CHAPTER XI. THE PROBLEM OF THE RIVERS
After a dangerous and exciting journey of a week, piloting the boat through formidable barriers of snags, suddenly and unexpectedly the river current took a southern course. At two in the afternoon of January 14, the boat shot out of the Murrumbidgee into a broad and noble river with such force that the explorers were carried nearly to the bank opposite its mouth, while they 'gazed in silent wonder' upon the large channel they had entered. Nine days later a new and beautiful river was found pouring itself into the main stream, and Sturt felt sure that this was the Darling, which he had discovered, a salt and shrunken ribbon of water, 300 miles to the north-east, on his previous journey. The identity was not completely established till some years later, but Sturt's reasoning in 1830 was really sufficient to make the point clear.
The boat was carried down by the current until the Murray emptied itself into the great lake at its mouth, and the explorers saw to the westward of them the blue waters of Encounter Bay. Sturt gave to the great river the name of Sir George Murray, who happened to be Secretary of State for War and the Colonies for a few months in 1828-30. He was a man whom the Duke of Wellington took into his Cabinet because he liked him as a soldier, but who is described by an English historian as one who 'had given no signs of any capacity in debate and had displayed no qualifications for administering a civil office.' Murray had even ceased to be a minister before the news reached England that his name had been given to the trunk of the great river-system of Australia.
The total cost to the Government of equipping the expedition from which so much resulted was 265 pounds 19s. 4 3/4d.

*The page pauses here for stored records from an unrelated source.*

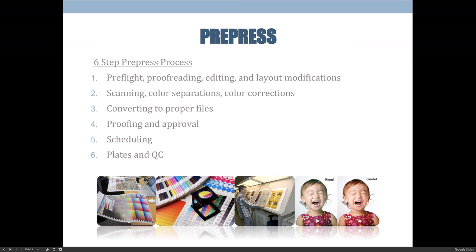After stage six, the next step is to actually print the job, which is where stage two of the print production process begins — printing on press. To learn more about that, take Printing Fundamentals, because that's what's covered in that class.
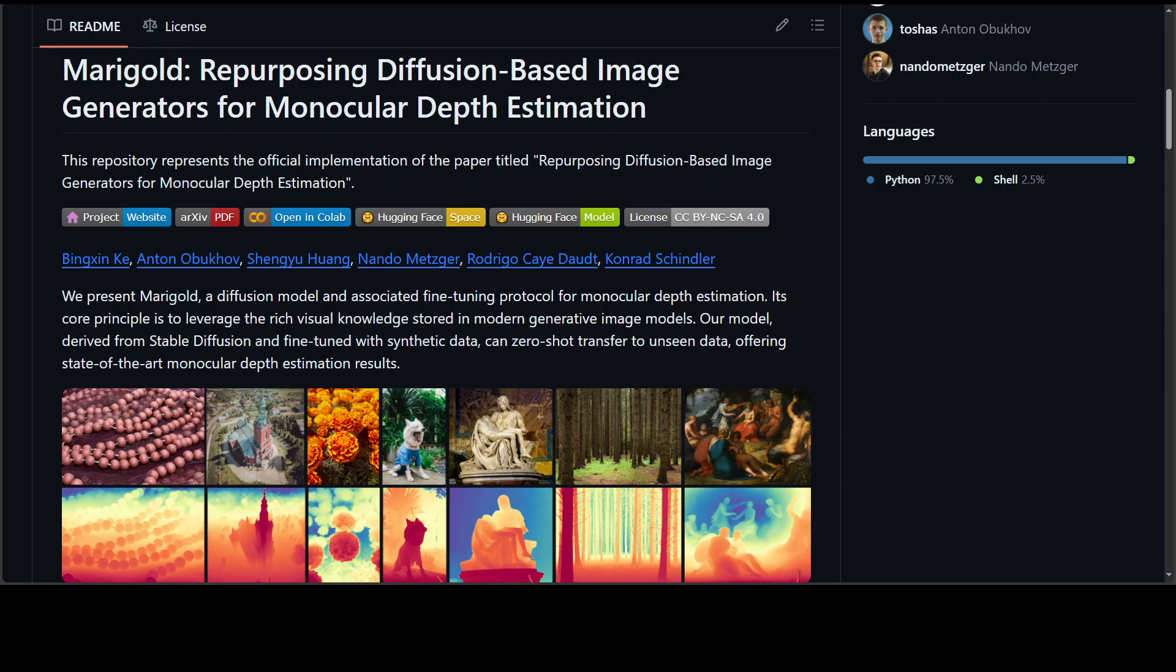Marigold is a model for monocular depth estimation. It leverages the extensive priors of generative diffusion models like Stable Diffusion for more generalizable results. Marigold achieves state-of-the-art performance even on unfamiliar content and can be fine-tuned efficiently on a single GPU.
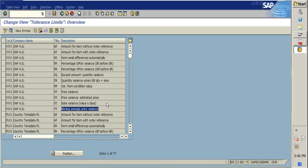VP is the moving average price tolerance key. Whenever we procure a material it has a price, and once we procure that material again, the average price is taken as the moving average price. This tolerance key checks for variance in the moving average price at the time of IR.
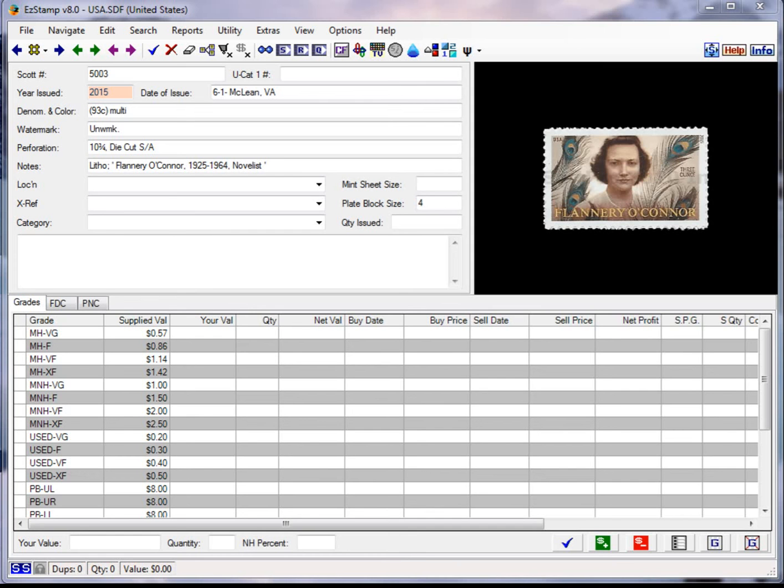Welcome to the latest EasyStamp tutorial. Recently we got a call from a customer for which we had converted his data from a competitor's program. We had converted his USA data and imported it into EasyStamp.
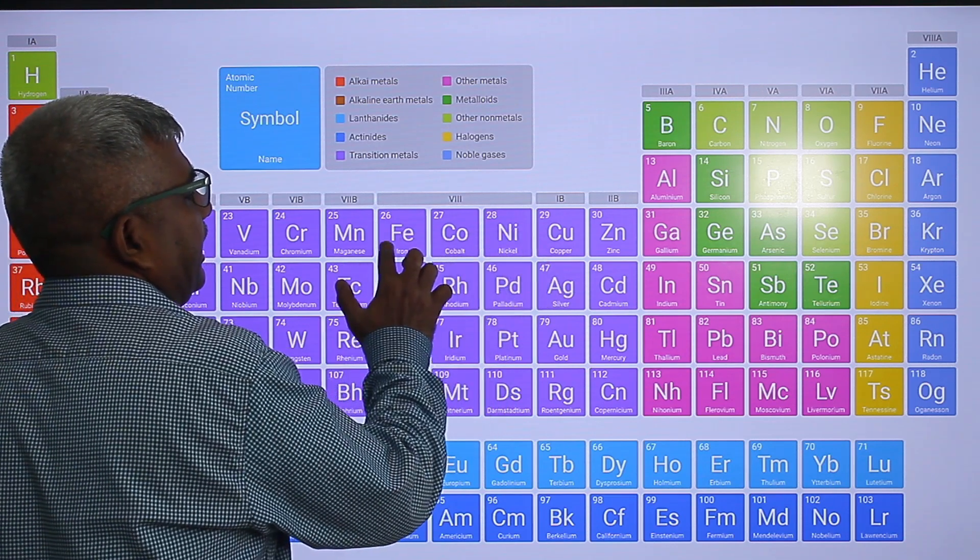Mercury is a liquid element. Another liquid element is bromine — we studied that: fluorine, chlorine, bromine, iodine, astatine. Memorize all of this.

Alexander Hume, the leader of the expedition of 1824, claimed that the Murray was simply the lower part of the river which he had discovered and named after himself; and, really, he was quite right. True, he had not explored it for more than a few miles, nor could he have done so consistently with carrying out the plan upon which he was engaged; whereas Sturt had followed it for 1,750 miles from its junction with the Murrumbidgee to the sea. But that fact does not detract from the soundness of Hume's claim; and though the river is likely to carry the name of Murray perpetually, there does not seem to be any better reason for thus celebrating an obscure politician (who, when questioned late in 1830, did not know who Sturt was or where the river was) than that it is too well established to be altered.
Sturt's two great journeys of 1828-30 were the most important pieces of inland exploration in Australian history. Others may have had more exciting adventures and endured greater hardships. Sturt himself in his expedition from Adelaide in 1844 - to be discussed hereafter - did a more desperately brave thing. But the discovery of the Darling and the exploration of the Murray to its mouth; the laying down upon the map of the main arteries of the enormous spread of river-veins which take the water from 414,253 square miles of territory - double the area of France; the opening of a new, rich, well-watered province for British colonization - this was the consummate achievement of Sturt's career as an explorer. Withal, he was a kind and considerate gentleman, 'brave as a paladin, gentle as a girl,' a leader of men who was followed by his chosen band in any risk because he was trusted and beloved. Exposure, privations, anxiety, and severe labour on these expeditions brought on bad health and a period of blindness; and he never received adequate recognition and honour for what he had done.
The Surveyor-General of New South Wales, Major Thomas Mitchell (he had been appointed to that office in 1828), did not conceal his jealousy and annoyance that Sturt was chosen to command the expeditions to solve the river problem. He himself was keen to attain fame as an explorer, and thought that the task should have been entrusted to him. But there was plenty of valuable work still to be done in this field, and Mitchell had abundant opportunities of proving his own worth. His first expeditions were to the upper Darling country in 1831 and again in 1835, when he found the great river not low as Sturt had seen it, but flowing full and sweet-watered through richly grassed country. He now discovered that Allan Cunningham's Gwydir and Dumaresq were tributaries of the Darling. The fragments of streams found by one explorer after another and marked in thin, disconnected streaks upon their maps, were becoming linked up.
In the following year, 1836, Mitchell planned his most famous expedition. He was instructed to find out whether the Darling was the same river as Sturt had found flowing into the Murray. He was somewhat doubtful of Sturt's reasoning; his jealousy apparently made him hope that Sturt was wrong. But even before he reached the point of junction he realized that the Darling was indeed a tributary of the Murray.